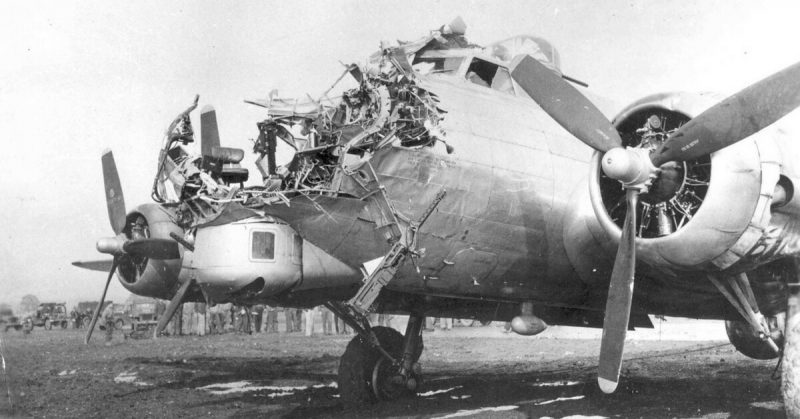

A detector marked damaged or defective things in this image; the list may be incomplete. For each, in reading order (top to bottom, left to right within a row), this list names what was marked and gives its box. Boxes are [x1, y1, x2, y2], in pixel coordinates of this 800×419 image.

bent propeller blade [200, 105, 222, 158]
bent propeller blade [510, 54, 620, 153]
bent propeller blade [648, 61, 800, 167]
bent propeller blade [101, 150, 126, 236]
bent propeller blade [600, 190, 636, 394]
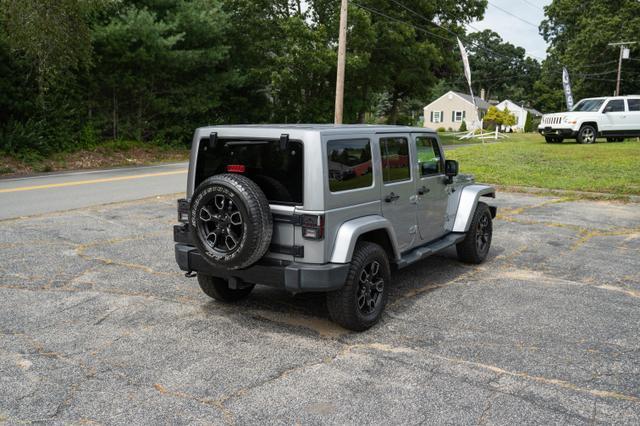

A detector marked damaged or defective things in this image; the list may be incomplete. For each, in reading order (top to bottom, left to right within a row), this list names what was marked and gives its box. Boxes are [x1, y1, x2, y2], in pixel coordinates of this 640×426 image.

cracked asphalt [1, 194, 640, 426]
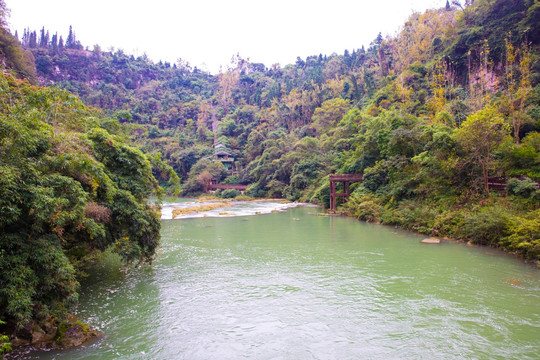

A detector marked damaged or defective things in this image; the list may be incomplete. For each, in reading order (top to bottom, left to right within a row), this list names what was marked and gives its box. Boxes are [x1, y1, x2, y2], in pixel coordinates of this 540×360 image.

rusty steel structure [326, 174, 364, 211]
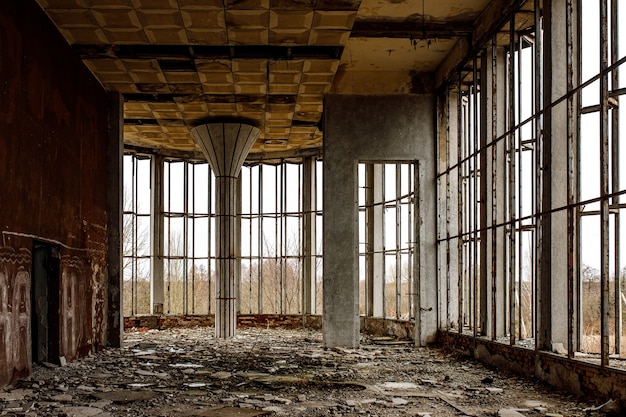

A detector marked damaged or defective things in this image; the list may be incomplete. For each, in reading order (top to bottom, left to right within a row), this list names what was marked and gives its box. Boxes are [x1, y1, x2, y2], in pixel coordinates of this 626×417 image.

cracked concrete wall [0, 0, 111, 386]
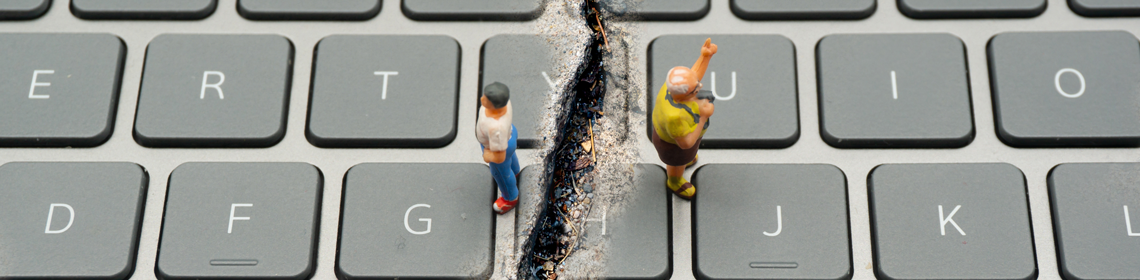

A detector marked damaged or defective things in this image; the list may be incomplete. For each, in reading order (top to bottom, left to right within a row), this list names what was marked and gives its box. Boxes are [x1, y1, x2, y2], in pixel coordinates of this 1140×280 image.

charred crack [515, 1, 606, 278]
black burnt debris [517, 1, 606, 278]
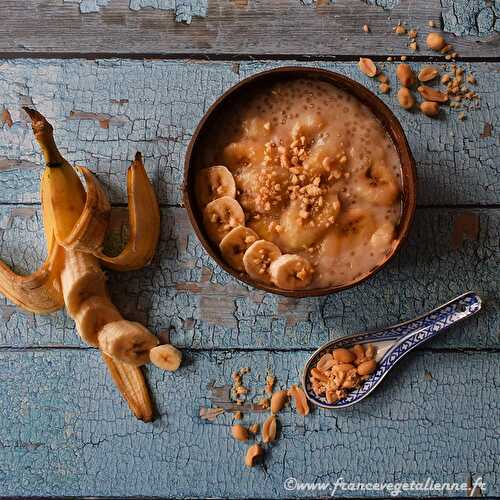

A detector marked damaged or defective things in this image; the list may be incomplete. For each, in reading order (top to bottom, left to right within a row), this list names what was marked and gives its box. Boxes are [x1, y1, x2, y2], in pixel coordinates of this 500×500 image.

chipped paint [65, 0, 208, 23]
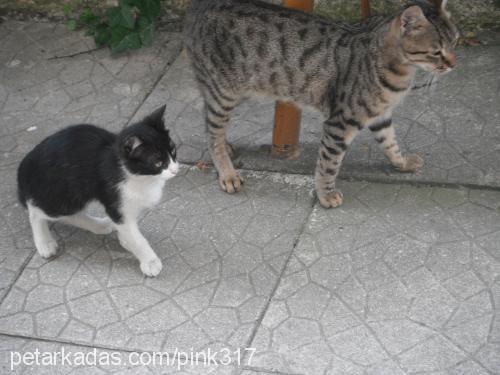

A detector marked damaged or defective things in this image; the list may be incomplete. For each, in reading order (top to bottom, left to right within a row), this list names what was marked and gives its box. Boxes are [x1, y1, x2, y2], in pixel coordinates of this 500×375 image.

rusty metal post [274, 0, 312, 159]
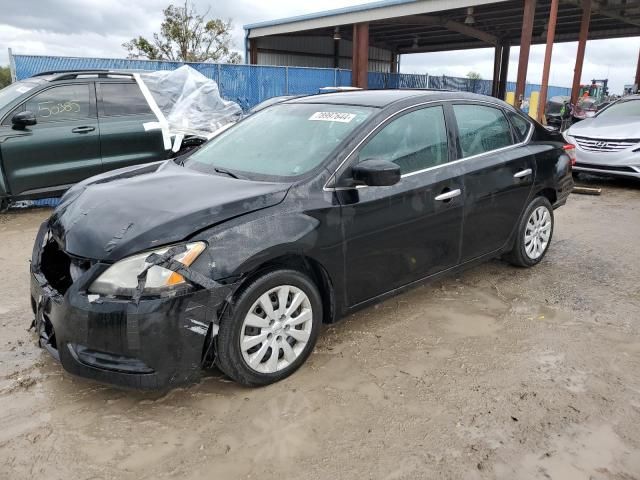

=======

EXERCISE BRIEF -
Repeat every record above exactly, except the pictures.

SOLUTION TO THE PROBLEM -
A detector marked damaged or defective things in this image; the list may be incomplete. For each, in reading order (top to bottom, left to right within a row), this list names what was marked and gives its box. Boxes are [x1, y1, x2, y2], in pixel coordinates of this 800×419 image.

bent propeller blade [200, 105, 222, 158]
bent propeller blade [510, 54, 620, 153]
bent propeller blade [648, 61, 800, 167]
bent propeller blade [101, 150, 126, 236]
bent propeller blade [600, 190, 636, 394]

A detector marked damaged or defective things in this image; the list may be incomplete. For each, in reading order (top to bottom, left to right within a row), this list names what was marked and gives its box. Boxes are [x1, y1, x2, y2], in pixel coordinates of this 640×426 image.

cracked asphalt [1, 194, 640, 426]

A detector marked damaged or defective things in this image; the list may be incomplete. For each, in reading order (top to bottom, left to right within a row), this list names what was marked and gives its box. Boxes are [x1, y1, x2, y2], in pixel coordinates of this 540×360 image.

rusty steel structure [326, 174, 364, 211]

A detector marked damaged or defective things in this image; the list may be incomplete. For each, in reading order (top to bottom, left to right within a row), this list names what was marked and gives its box. Boxes are [x1, y1, x2, y2], in pixel coordinates of this 626×417 image.

cracked concrete wall [0, 0, 111, 386]

A detector marked damaged or defective things in this image; the list may be incomplete. For each, in reading order (top to bottom, left to right within a row), this list names what was marked and gives its box. Boxes are [x1, y1, x2, y2], in pixel coordinates of this 1140×280 image.

charred crack [515, 1, 606, 278]
black burnt debris [517, 1, 606, 278]

A detector marked damaged or defective things in this image; the list may be incomplete. For each, in reading order (top to bottom, left to right within a row), this list names what was marked and gives its box. Boxes are [x1, y1, x2, y2], in pixel coordinates of this 500×500 image.

chipped paint [65, 0, 208, 23]

A detector marked damaged or defective things in this image; the list may be incomplete. For each, in reading order (top to bottom, left to right within a row), this list names what was marked and gives its box. Boxes are [x1, y1, x2, y2], in pixel coordinates of this 500×375 image.

rusty metal post [274, 0, 312, 159]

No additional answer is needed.